# WHAT IS REQUIRED
What follows is a set of records. Retype them exactly, leaving out the pictures.

# PROVIDED DATA
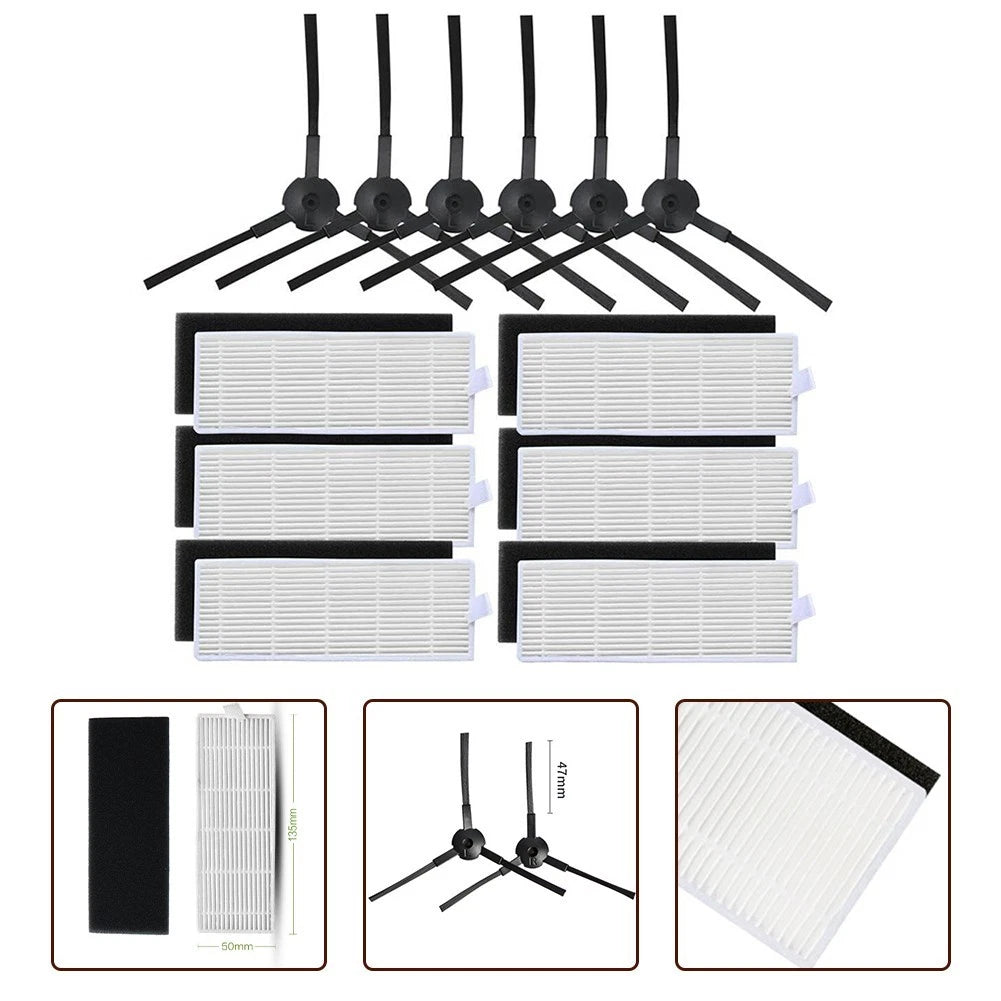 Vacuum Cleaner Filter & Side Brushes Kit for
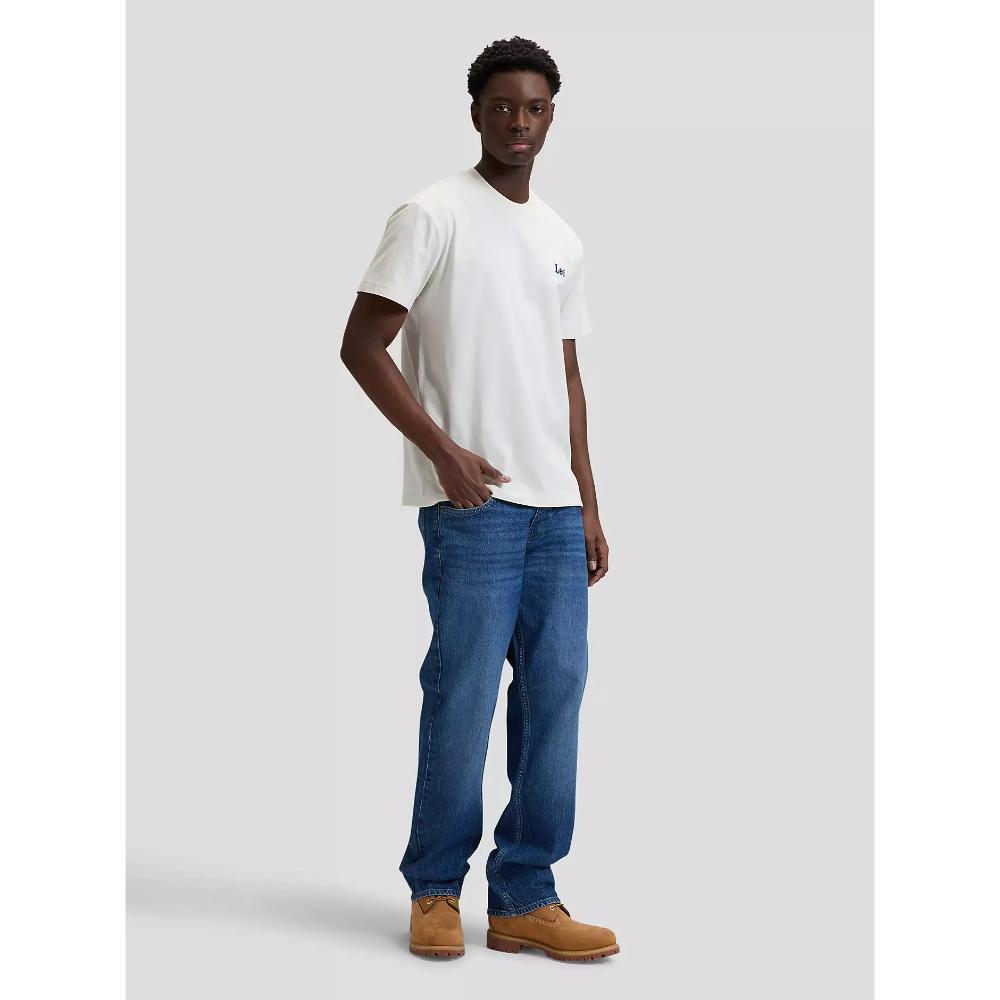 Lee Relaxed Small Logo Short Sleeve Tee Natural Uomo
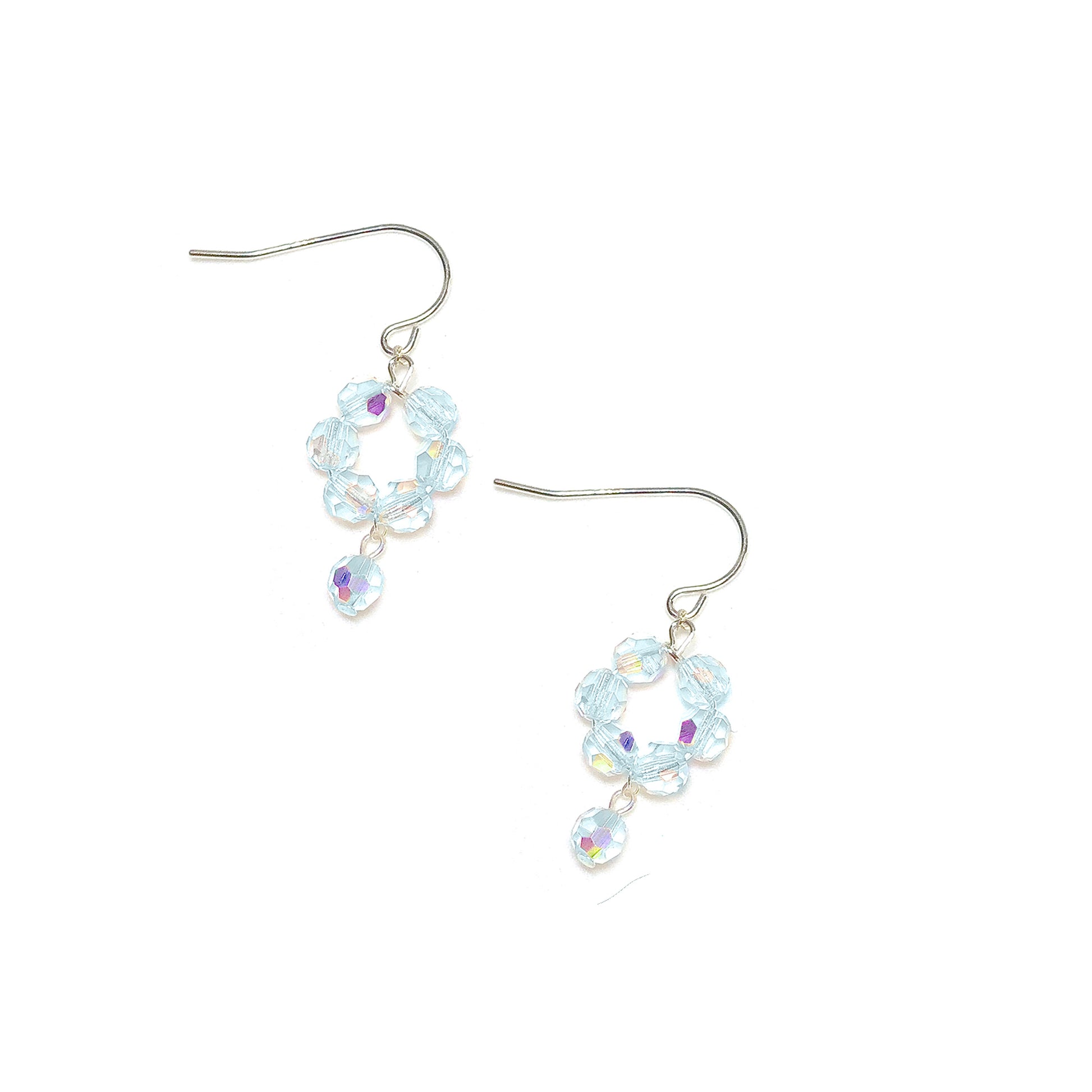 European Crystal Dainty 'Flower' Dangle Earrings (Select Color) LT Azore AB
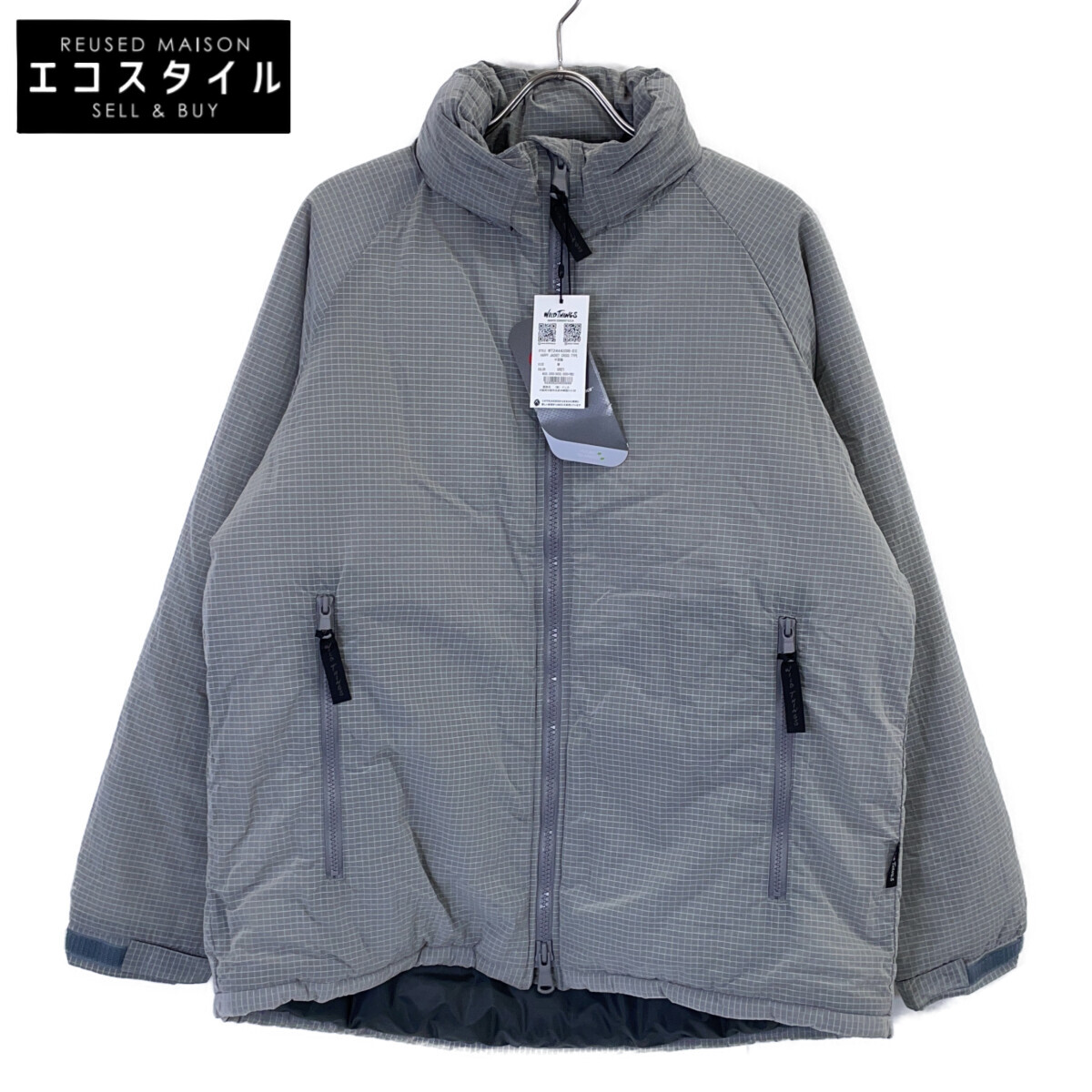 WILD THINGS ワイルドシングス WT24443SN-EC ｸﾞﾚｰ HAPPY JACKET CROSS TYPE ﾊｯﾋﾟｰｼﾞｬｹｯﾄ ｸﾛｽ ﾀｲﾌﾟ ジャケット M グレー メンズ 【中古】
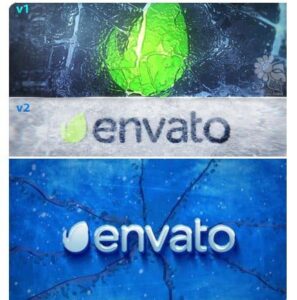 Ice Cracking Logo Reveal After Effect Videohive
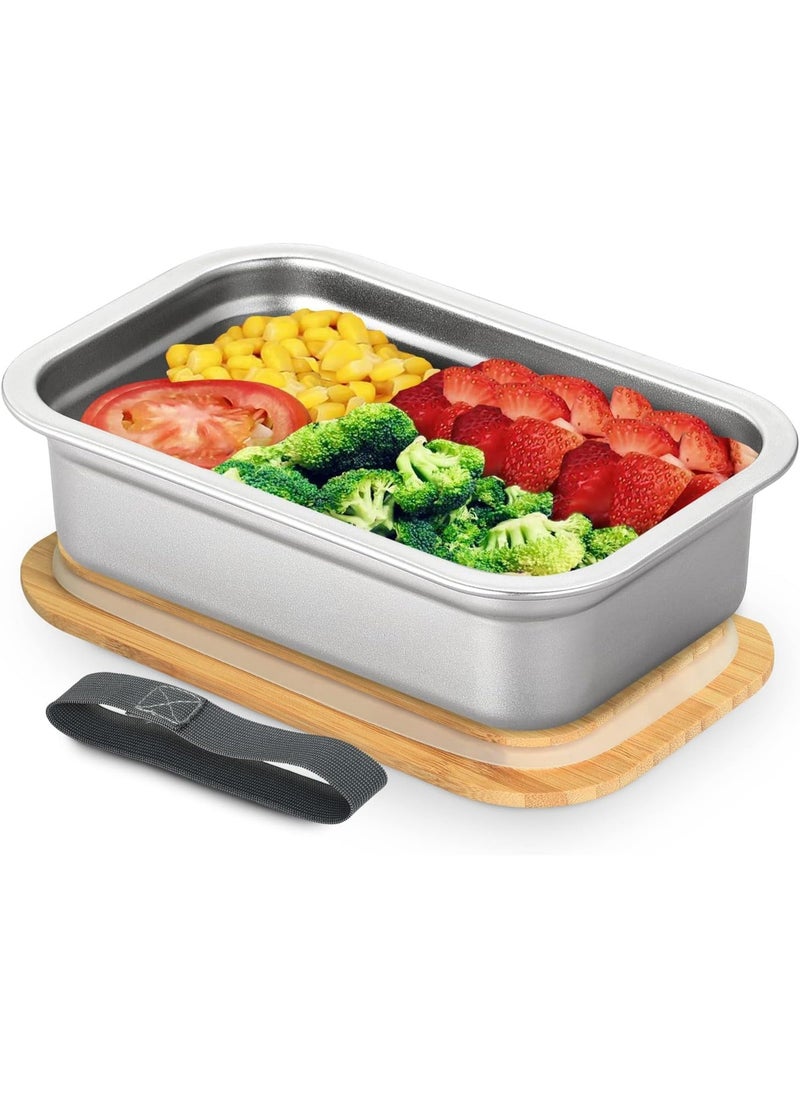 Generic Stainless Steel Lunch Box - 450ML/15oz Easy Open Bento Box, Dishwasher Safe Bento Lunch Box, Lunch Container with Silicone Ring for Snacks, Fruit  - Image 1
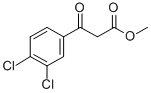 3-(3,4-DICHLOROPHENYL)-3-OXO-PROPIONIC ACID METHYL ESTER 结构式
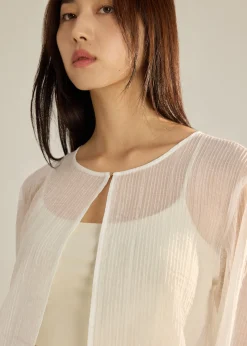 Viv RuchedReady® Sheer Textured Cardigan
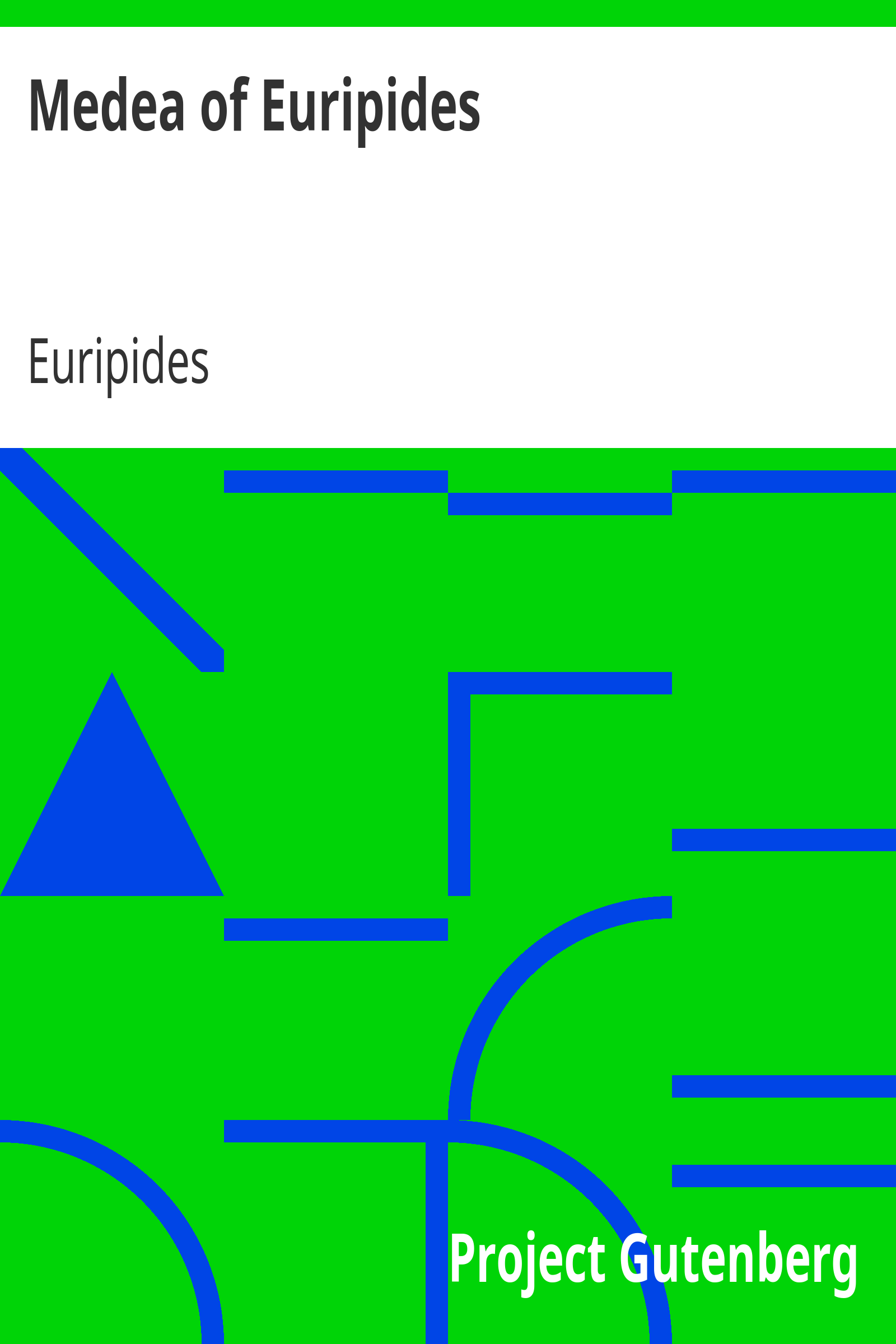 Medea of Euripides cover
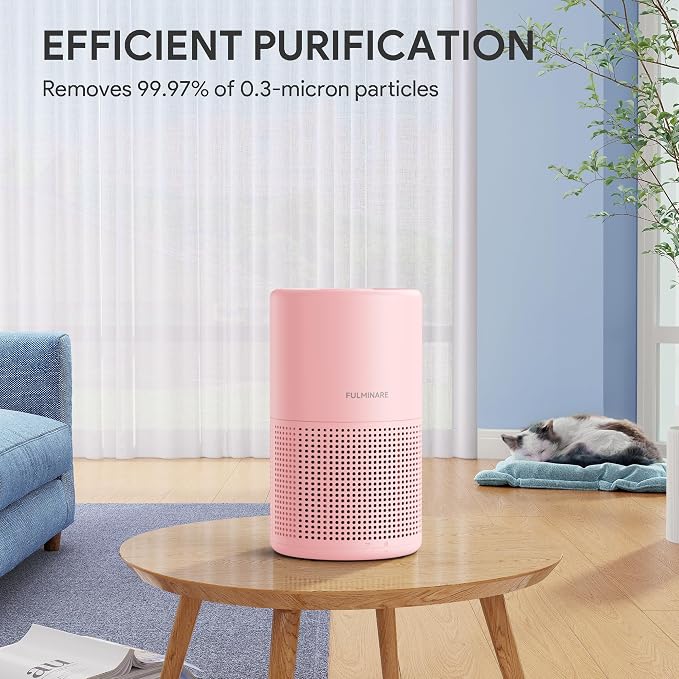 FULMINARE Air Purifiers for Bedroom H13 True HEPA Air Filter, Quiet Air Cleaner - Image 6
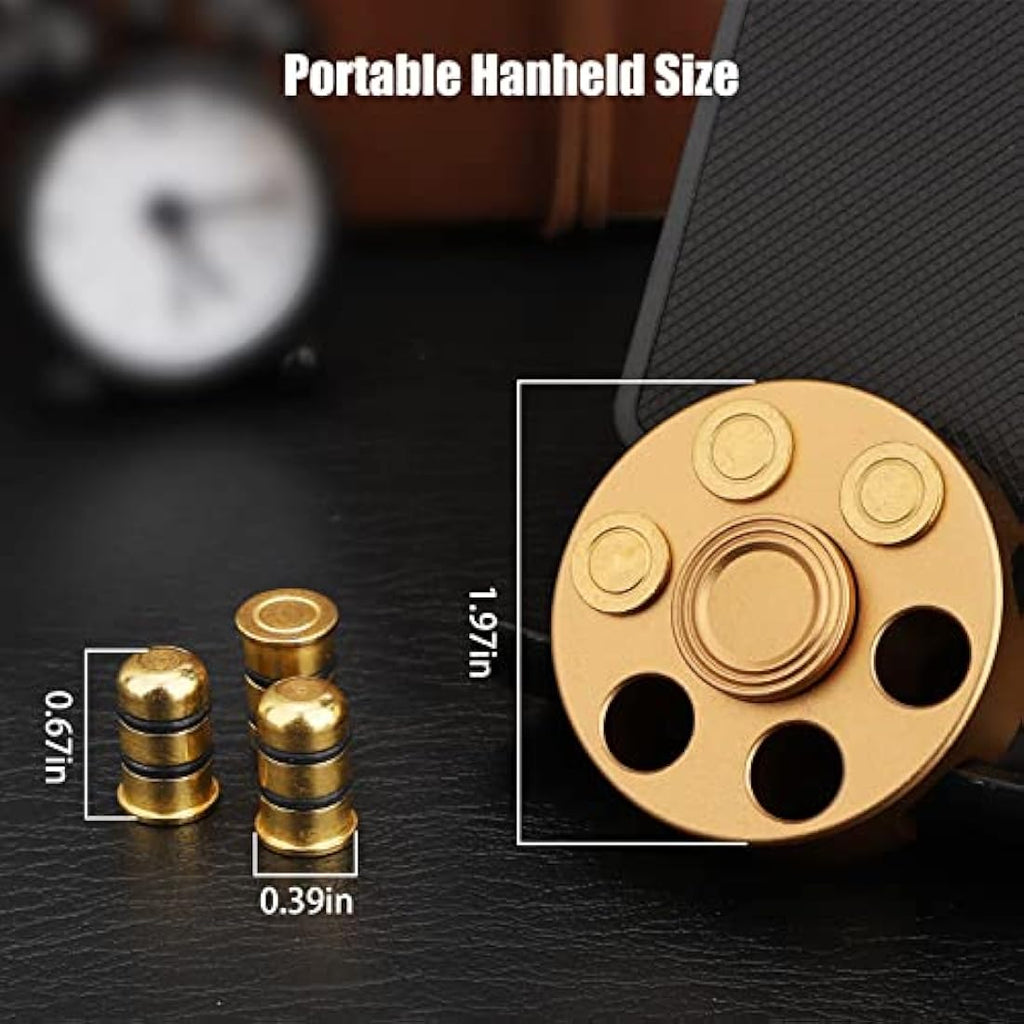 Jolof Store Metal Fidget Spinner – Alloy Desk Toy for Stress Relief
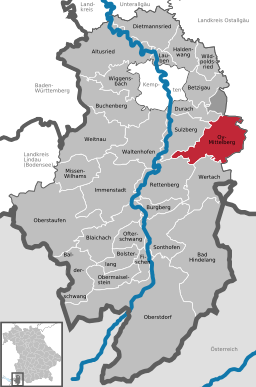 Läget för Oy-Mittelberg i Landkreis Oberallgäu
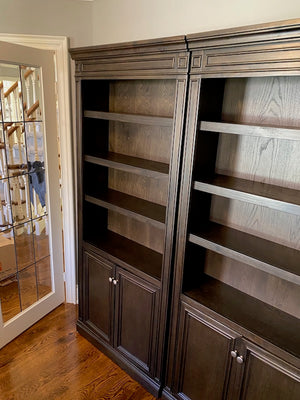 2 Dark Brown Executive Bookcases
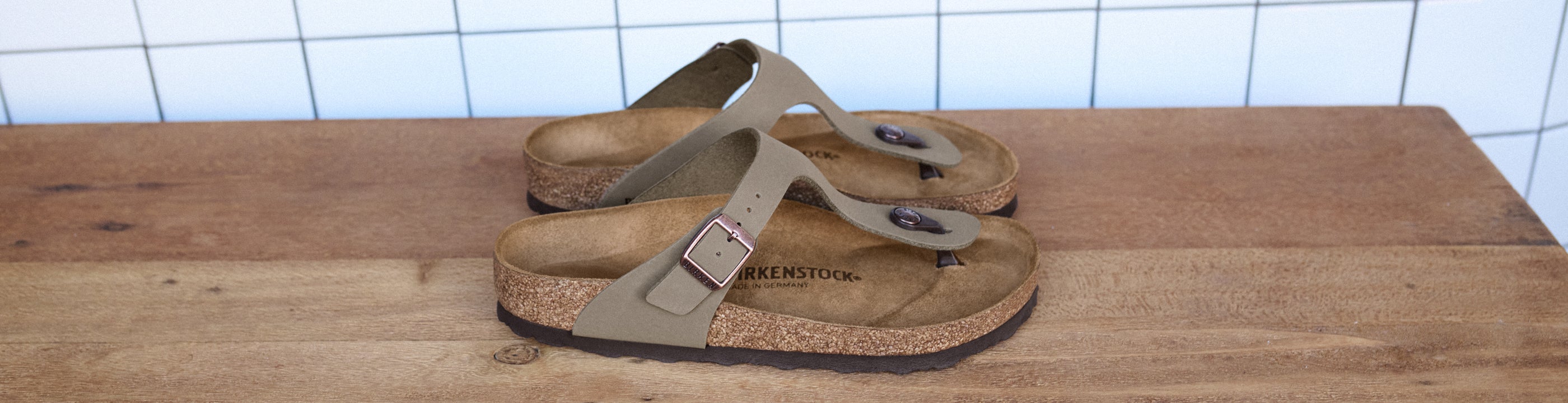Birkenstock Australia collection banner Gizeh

# EXERCISE RESULT
 Vacuum Cleaner Filter & Side Brushes Kit for
 Lee Relaxed Small Logo Short Sleeve Tee Natural Uomo
 European Crystal Dainty 'Flower' Dangle Earrings (Select Color) LT Azore AB
 WILD THINGS ワイルドシングス WT24443SN-EC ｸﾞﾚｰ HAPPY JACKET CROSS TYPE ﾊｯﾋﾟｰｼﾞｬｹｯﾄ ｸﾛｽ ﾀｲﾌﾟ ジャケット M グレー メンズ 【中古】
 Ice Cracking Logo Reveal After Effect Videohive
 Generic Stainless Steel Lunch Box - 450ML/15oz Easy Open Bento Box, Dishwasher Safe Bento Lunch Box, Lunch Container with Silicone Ring for Snacks, Fruit  - Image 1
 3-(3,4-DICHLOROPHENYL)-3-OXO-PROPIONIC ACID METHYL ESTER 结构式
 Viv RuchedReady® Sheer Textured Cardigan
 Medea of Euripides cover
 FULMINARE Air Purifiers for Bedroom H13 True HEPA Air Filter, Quiet Air Cleaner - Image 6
 Jolof Store Metal Fidget Spinner – Alloy Desk Toy for Stress Relief
 Läget för Oy-Mittelberg i Landkreis Oberallgäu
 2 Dark Brown Executive Bookcases
Birkenstock Australia collection banner Gizeh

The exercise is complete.